Von Juan E. Alemann
Mit der Ernennung von Gabriel Rubinstein zum Vizeminister, formell Staatssekretär für Programmierung, hat Wirtschaftsminister Sergio Massa an erster Stelle einen neuen politischen Erfolg erreicht, der seine Stellung stärkt. Cristina hatte sich der Ernennung zunächst widersetzt, weil Rubinstein sich früher über Twitter abfällig über sie geäußert hatte, gab aber schließlich nach. Nach der Ernennung von Flavia Royón als Energiesekretärin, die den cristinahörigen Dario Martínez ersetzt, und der von Leandro Cleri zum Vizepräsidenten der Zentralbank, zeigt sich Massa schrittweise als ein politisch starker Wirtschaftsminister. Das ist die Voraussetzung, um die verfahrene Lage einrenken zu können.

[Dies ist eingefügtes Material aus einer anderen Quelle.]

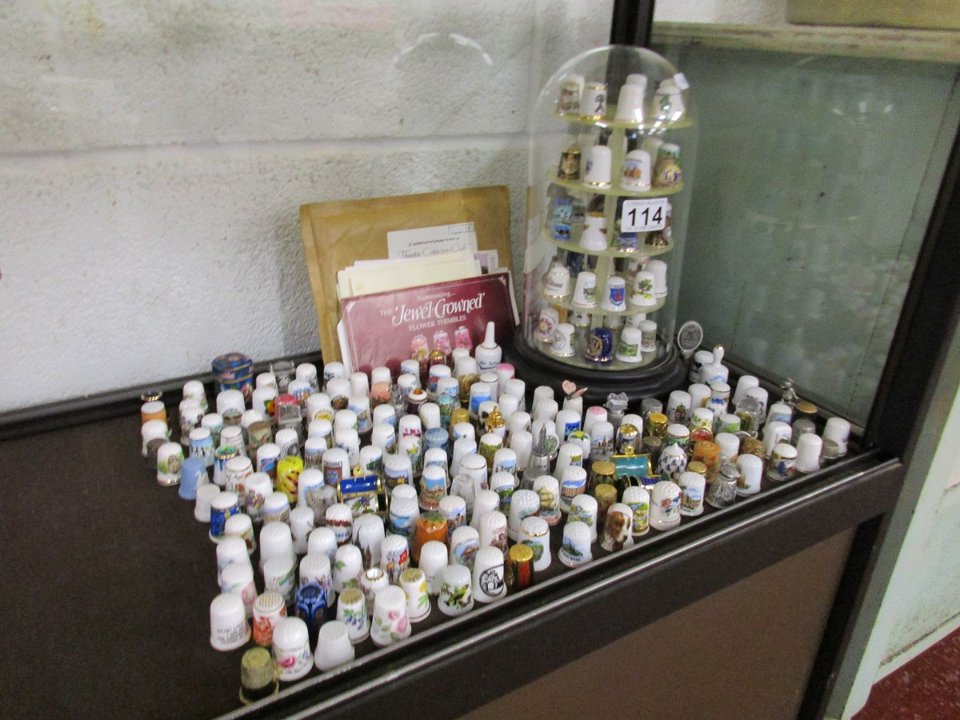 Large collection of thimbles - approx 180 and stand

Doch im Grunde beruht die starke Stellung von Massa darauf, dass sein Rücktritt für die Regierung eine Katastrophe wäre. Das Vertrauen in die Möglichkeit, dass diese Regierung die Lage einigermaßen einrenkt, wäre dann im Eimer, und es würde Alberto und Cristina sehr schwer fallen, bis zum 10. Dezember 2023 weiter zu regieren. Ist sich Massa seiner Macht bewusst? Ein erster Machtkonflikt ist schon aufgekommen. 13 Gouverneure der Regierungspartei sind schon in La Plata zusammengekommen, unter dem Vorsitz des mächtigen Gouverneurs Axel Kicillof, um sich gegen Kürzungen der Zuwendung von nationalen Mitteln auszusprechen. Indessen wird es auch hier einen Schnitt geben müssen, sei es direkt oder indem die bestehenden zugesprochenen Beträge nominell beibehalten werden.
Gleich am ersten Tag von Rubinstein im Amt wurden Staatsausgaben, die im Haushaltsgesetz vorgesehen waren, um $ 128 Mrd. gekürzt, was zur Inflationswirkung hinzukommt, die die nominell vorgesehenen Ausgaben real verringert. In 6 Ministerien werden Ausgaben für $ 210 Mrd.. gestrichen, und zusätzliche Ausgaben für $ 82 Mrd. genehmigt. Die Kürzungen umfassen besonders Programme des Produktionsministeriums und des Erziehungsministeriums, in geringeren Umfang auch andere Bereiche, und beziehen sich weitgehend auf staatliche Investitionen. Diese Kürzungen sind ein klares Zeichen, der neuen Richtung der Wirtschaftsführung.
Rubinstein ist ein bekannter und erfahrener Ökonom von 68 Jahren, der unter Roberto Lavagna als Wirtschaftsminister (2002/05) die Verbindung zur ZB pflegte und den Minister vor allem bei Finanzthemen beriet. Er war jetzt als Berater im privaten Bereich tätig, und genießt im wirtschaftlichen Establishment einen guten Ruf. Dazu haben auch seine intelligenten Artikel in der Zeitung “El Cronista” beigetragen. Er wird jetzt im Wirtschaftsministerium ein entscheidendes Mitspracherecht haben, denn Massa ist ein reiner und geschickter Politiker, der die wirtschaftliche Thematik nur oberflächlich versteht. Positiv ist dabei, das er sich dessen bewusst ist.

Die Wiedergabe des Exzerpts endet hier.